KALISPELL, Mont. With a project planned nearly every week of the summer, the Back Country Horsemen prove their contention that they are a service organization not a riding club.
Rather than focus on getting together for trail rides or leisurely ambles through the woods, the organization's members prefer to put themselves and their animals to work for the better good of fellow backcountry users.
''We always thought that we were a service club,'' said Ken Ausk, one of the men who founded the group in 1973.
The group volunteers its time, manpower and equine labor to the U.S. Forest Service and other agencies each summer for numerous projects ranging from packing in supplies for wilderness crews to building bridges.
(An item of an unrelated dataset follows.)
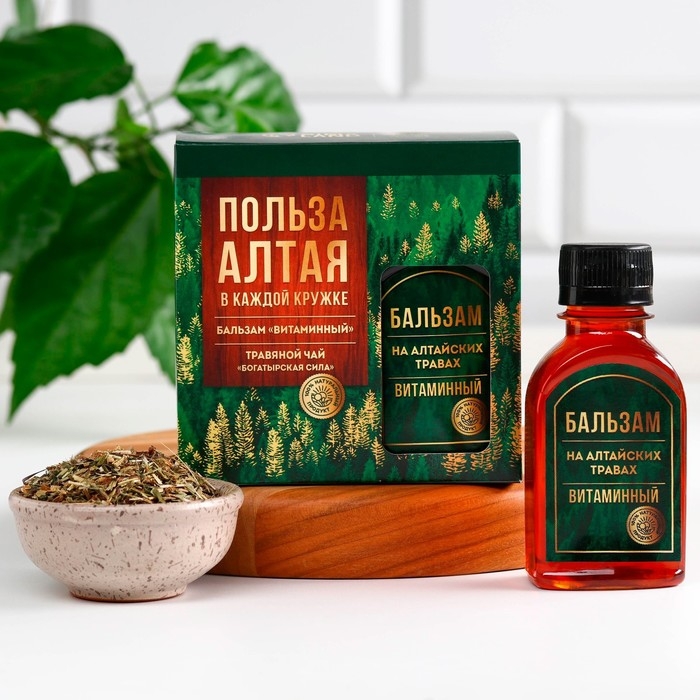 Подарочный набор &laquo;Польза Алтая&raquo;: сбор трав 20 г., безалкогольный бальзам 100 мл.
''Wilderness trails is pretty low on the government's priority list, so they don't get funded properly,'' member Greg Schatz said.
Schatz said he and fellow horsemen are happy to volunteer to improve the trails that traverse the wilderness they respect and appreciate. The group often works on clearing trails, which benefits recreationists of all kinds.
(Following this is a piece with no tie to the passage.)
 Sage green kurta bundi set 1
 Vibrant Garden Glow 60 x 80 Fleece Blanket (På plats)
''And we don't not go if it rains,'' club president Deb Schatz said.
The reward for the more than 1,000 hours they spend volunteering each year is not only the improved trails they can use, but also the gratitude they hear from other backcountry users. Member Marie Johns said hikers have told her how much they appreciate having trails free of fallen trees.
And being outdoors working with their horses is a reward in itself for most of the horsemen, members said. If the group itself isn't working on a trail section, members are a happy to lend what help they can. The Back Country Horsemen periodically uses horses to pack in to the wilderness supplies for groups such as the Montana Conservation Corps.
''That saves them time and energy. If we can save them a day, that's another day they can do trail work,'' Schatz said.
When the group isn't spending time on the trail, its members are teaching each other and the community how to observe the ''leave no trace'' conservation philosophy and how to use horses in backcountry areas such as the Bob Marshall Wilderness. Teaching conservation has long been a goal of the club, Ausk said.
''As far as going easy on the land, we've been teaching that since day one,'' he said.
Ausk and co-founders Roland Cheek, Lloyd Fagerland, Dennis Swift and Dulane Fulton formed the organization with the purpose of performing service projects and teaching people how to tread ''light on the land'' when using horses in the wilderness.
In the early 1970s, backcountry horse users were noticeably impacting sensitive nature areas, Ausk and other club members said. Horsemen frequently damaged trees by tying up their horses and left garbage or manure behind.
The group has since been active in trying to teach the ''leave no trace philosophy'' through presentations at local venues.
Technological improvements in outdoor gear have made teaching light on the land philosophies easier throughout the years, club members said. Lighter gear has made it easier for people to travel into the backcountry without hefting as much equipment as was necessary in the past.
The decreased weight means that wilderness horsemen can get by with fewer horses. The old standard used to be that two pack horses were needed for each individual. But that ratio has flip-flopped and one horse to every two people is the standard now, Greg Schatz said.
But not everyone knows how to efficiently pack a horse, so the club frequently hosts demonstrations on the topic. That knowledge comes in handy when the group is packing in cumbersome, heavy materials such as gravel and timber needed to build backcountry projects. Ausk recalls one bridge that required the horsemen bring in 12 tons of material.
Not all of the groups' events center on work, though, secretary Keni Hopkins said.
The club has get-togethers and potlucks throughout the year, although the season for service projects is May through August. Membership fees go toward the newsletters that members receive from local and national branches of the Back Country Horsemen.
The club started in the Flathead Valley and has since grown to include chapters in 15 other states with memberships totaling more than 10,000 people. Members, most of whom are around 55 but range in age from 12-85, need not own a horse to belong to the club, they just need to believe in the group's conservation and service philosophies.
In keeping with their conservation concerns, the club has an issues committee that keeps up on land management and other topics that affect horse use in the backcountry. That committee informs the appropriate bodies, such as the Forest Service, of its opinion. And though the horsemen's opinion isn't always heeded, they said they think their voice is heard because of the credibility gained by volunteering.
Whether they're making suggestions on issues, volunteering on wilderness projects or educating each other and the community, Ausk said the current club members carry on the ideals of the founders.
''I think we're still on the same focus as we when we started, that is horse use in the backcountry,'' he said.